The researchers compared the stories of more than 15,000 individuals who had taken one of 165 different psychoactive drugs with the stories of 625 individuals who reported NDEs. According to Scientific American, the essential guide to the most awe-inspiring advances in science and technology, the study showed that NDEs may reflect changes in the same chemical system in the brain that is targeted by the drugs.
|Many scientists argue that there have been hundreds to thousands of well-documented NDEs that it’s impossible that they are all completely fabricated / Photo by: Karuna EM via 123RF|
Also, the vivid memories from NDEs can be due to a cascade of activity that ripples through the brain while patients are fighting for their lives or pronounced dead.
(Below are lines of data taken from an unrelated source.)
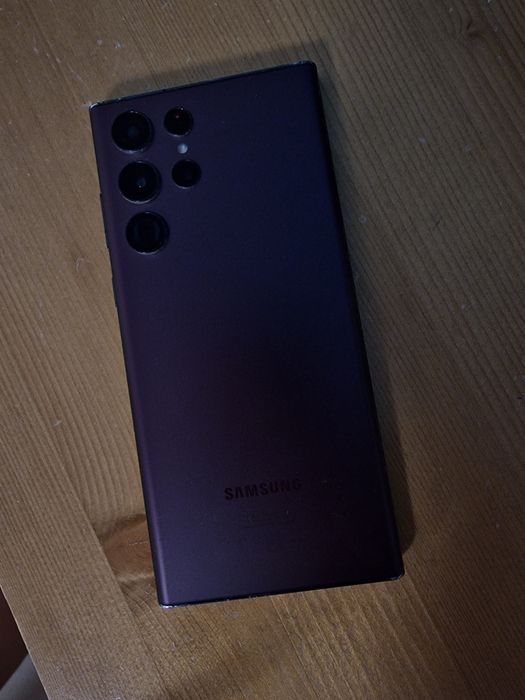 Vând Samsung s22 Ultra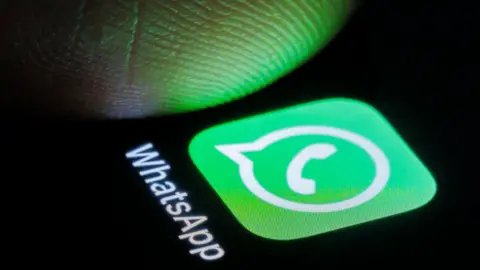 Getty Images whatsapp on phone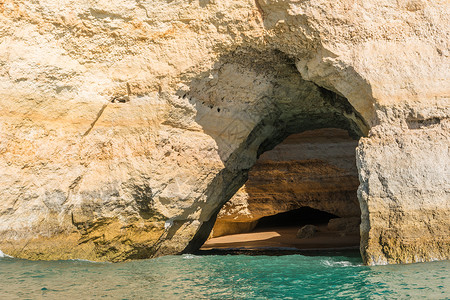 波尔蒂芒阿尔加夫美丽的洞穴石头海滩海岸线旅游石窟编队旅行悬崖岩石娱乐背景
Researchers at the George Washington University reported that "seizures" happen in the memory areas of a person's brain after it stopped. This explains these hallucinations and memories that people report when they are resuscitated.
The EAN study also discovered a link between NDEs and Rapid Eye Movement (REM) sleep, a phase in the sleep cycle when the eyes move rapidly. During this phase, an individual’s brain is as active as when they are awake. They experience a state of temporary paralysis and their dreams are more vivid. "Our central finding is that we confirmed the association of near-death experiences with REM sleep intrusion. Although the association is not causality, identifying the physiological mechanisms behind REM sleep intrusion into wakefulness might advance our understanding of near-death experiences,” lead researcher Dr. Daniel Kondziella said.